··· INPUT ···
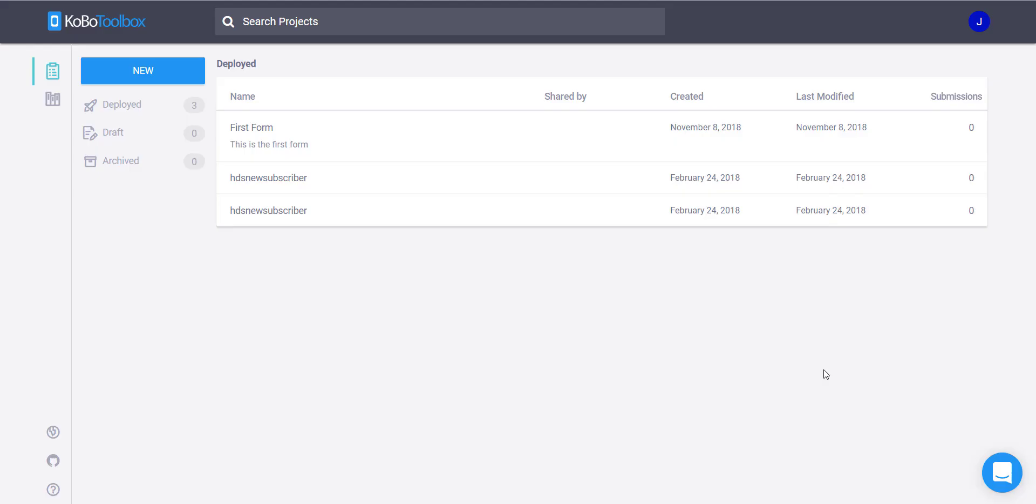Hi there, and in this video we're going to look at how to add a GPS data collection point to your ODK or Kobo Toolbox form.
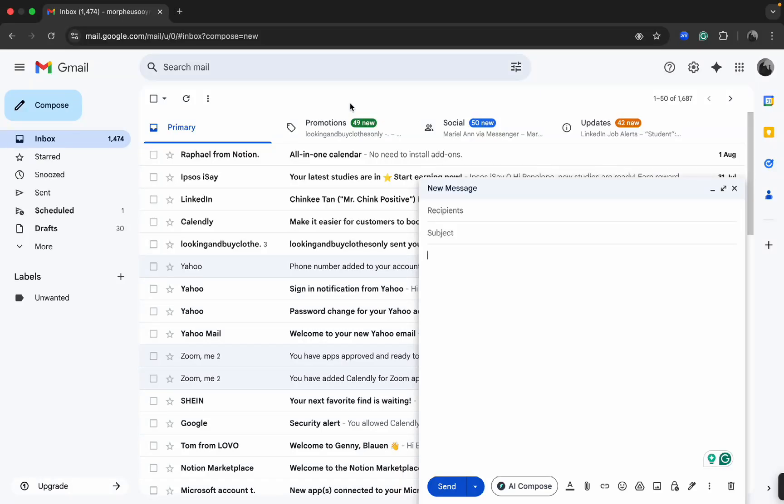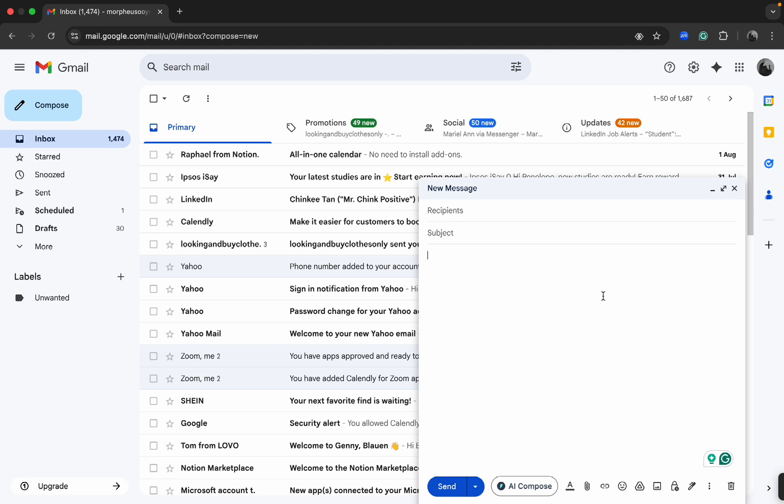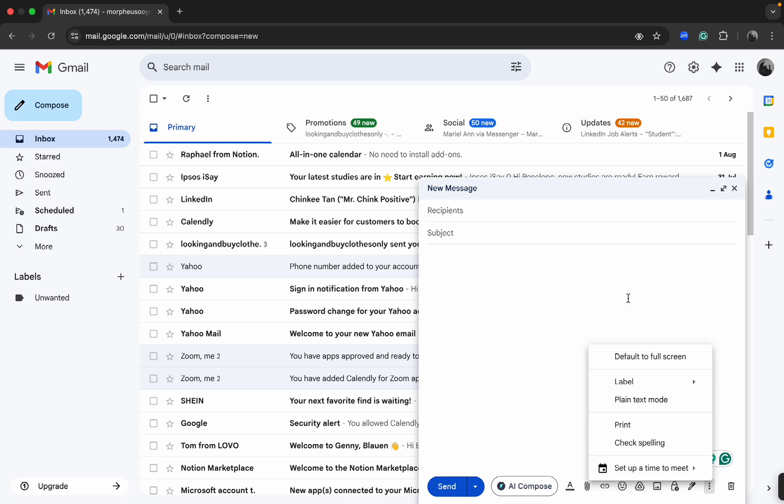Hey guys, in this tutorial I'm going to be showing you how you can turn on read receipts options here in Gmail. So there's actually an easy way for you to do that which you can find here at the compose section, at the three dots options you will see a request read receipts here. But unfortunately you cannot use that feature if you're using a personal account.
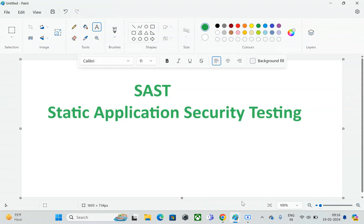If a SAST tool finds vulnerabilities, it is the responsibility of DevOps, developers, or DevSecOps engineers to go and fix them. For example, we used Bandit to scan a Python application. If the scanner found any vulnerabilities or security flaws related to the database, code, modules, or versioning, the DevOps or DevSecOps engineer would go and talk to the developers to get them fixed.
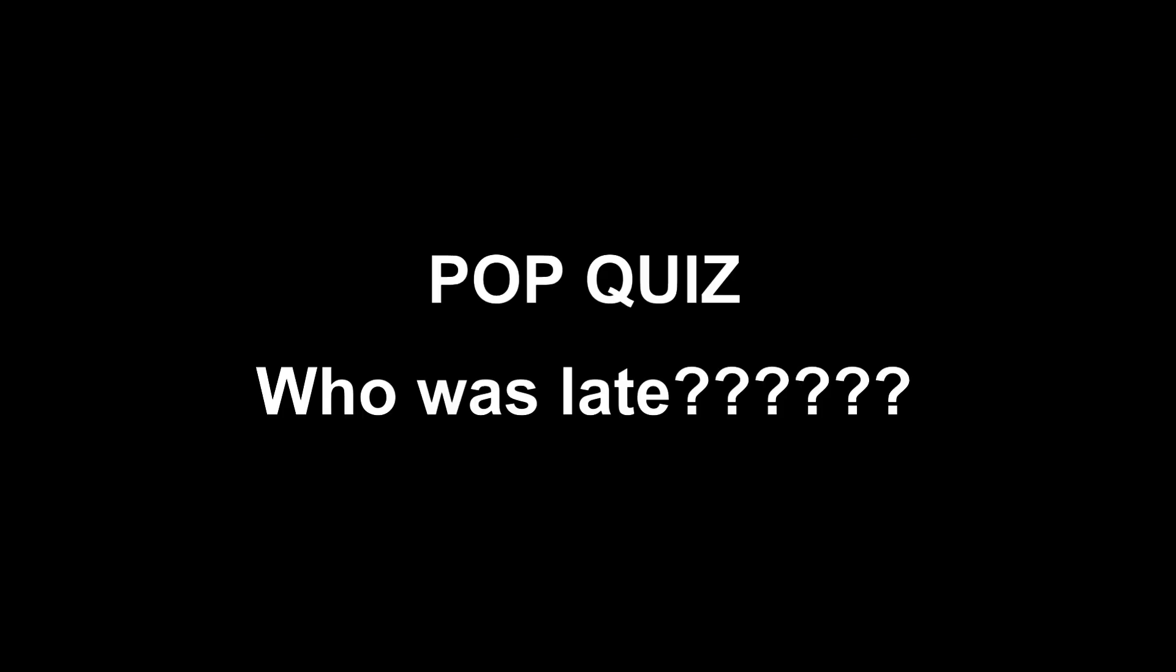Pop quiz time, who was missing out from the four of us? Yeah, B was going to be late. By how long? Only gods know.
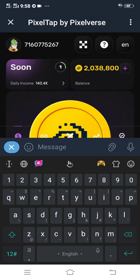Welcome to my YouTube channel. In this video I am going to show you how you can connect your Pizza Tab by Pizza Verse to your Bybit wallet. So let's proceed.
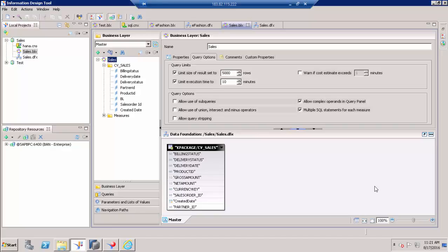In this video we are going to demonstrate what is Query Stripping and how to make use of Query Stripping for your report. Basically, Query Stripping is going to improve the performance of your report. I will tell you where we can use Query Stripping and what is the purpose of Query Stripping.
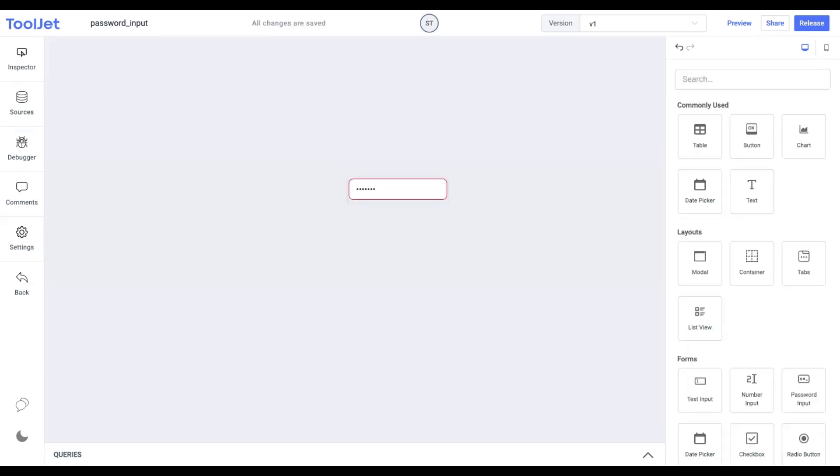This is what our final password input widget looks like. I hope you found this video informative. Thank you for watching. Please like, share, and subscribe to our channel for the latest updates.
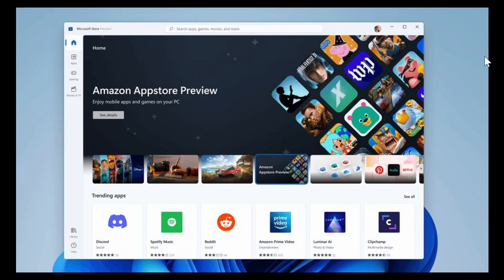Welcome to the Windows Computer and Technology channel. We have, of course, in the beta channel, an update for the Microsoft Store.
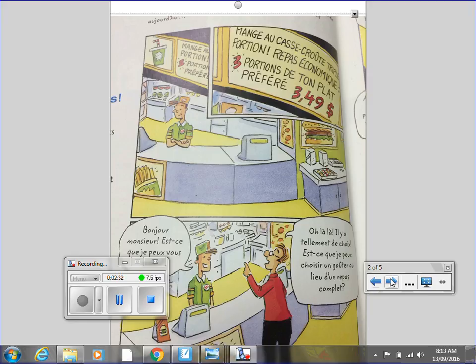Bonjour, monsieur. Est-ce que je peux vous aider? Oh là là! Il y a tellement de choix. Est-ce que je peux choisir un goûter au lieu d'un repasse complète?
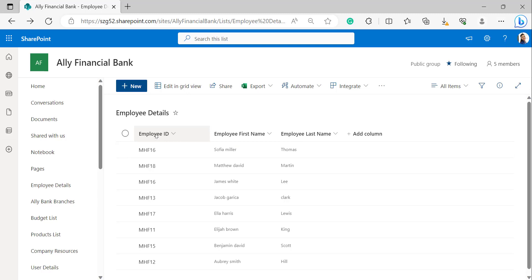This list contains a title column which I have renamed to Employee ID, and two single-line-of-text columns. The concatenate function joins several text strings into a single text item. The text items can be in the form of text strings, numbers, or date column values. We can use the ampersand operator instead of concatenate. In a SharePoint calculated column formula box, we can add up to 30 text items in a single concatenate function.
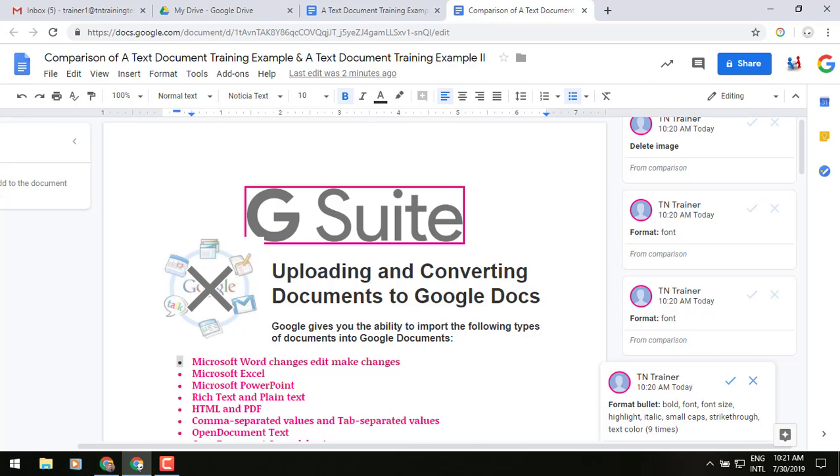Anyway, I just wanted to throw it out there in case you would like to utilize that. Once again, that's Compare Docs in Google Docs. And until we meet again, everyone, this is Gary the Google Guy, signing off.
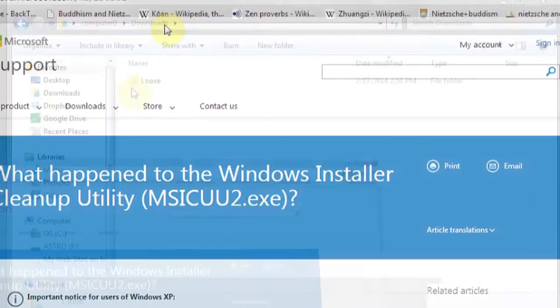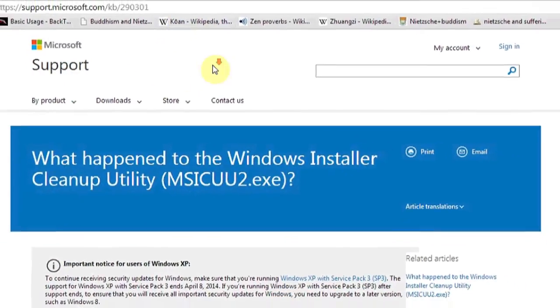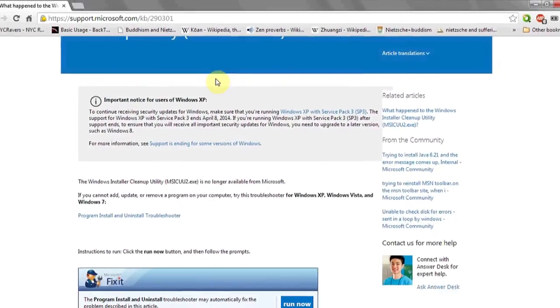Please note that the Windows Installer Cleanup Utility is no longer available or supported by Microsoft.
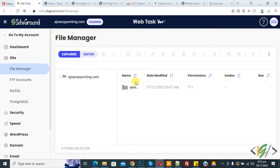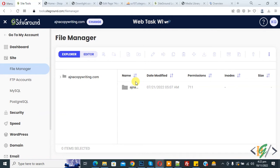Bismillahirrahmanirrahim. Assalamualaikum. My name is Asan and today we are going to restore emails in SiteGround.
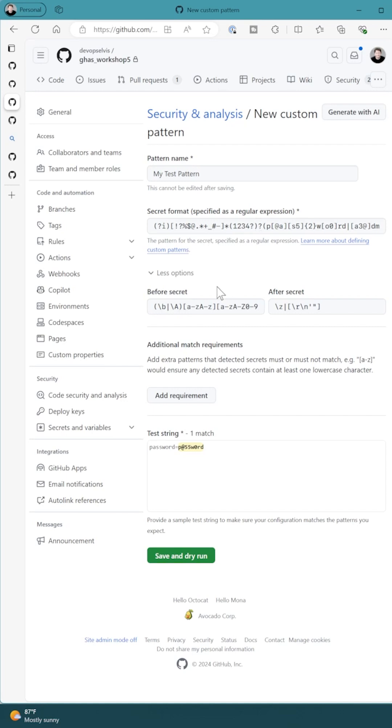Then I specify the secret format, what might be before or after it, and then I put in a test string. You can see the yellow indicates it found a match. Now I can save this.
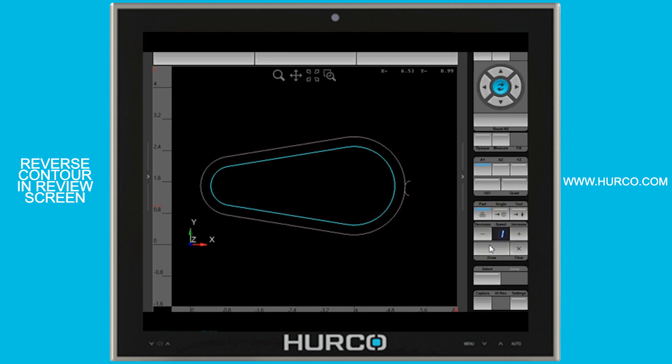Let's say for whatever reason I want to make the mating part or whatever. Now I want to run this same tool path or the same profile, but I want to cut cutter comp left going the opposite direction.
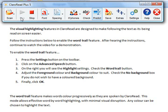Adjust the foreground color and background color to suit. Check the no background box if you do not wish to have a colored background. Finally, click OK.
···
*WHAT IS EXPECTED*. Copy exactly the lines that run from the one containing "Then I specify" to the last line of the records, both included, and leave out every picture.

*ANSWER BOX*.
Then I specify the secret format, what might be before or after it, and then I put in a test string. You can see the yellow indicates it found a match. Now I can save this.
Let's say for whatever reason I want to make the mating part or whatever. Now I want to run this same tool path or the same profile, but I want to cut cutter comp left going the opposite direction.
Adjust the foreground color and background color to suit. Check the no background box if you do not wish to have a colored background. Finally, click OK.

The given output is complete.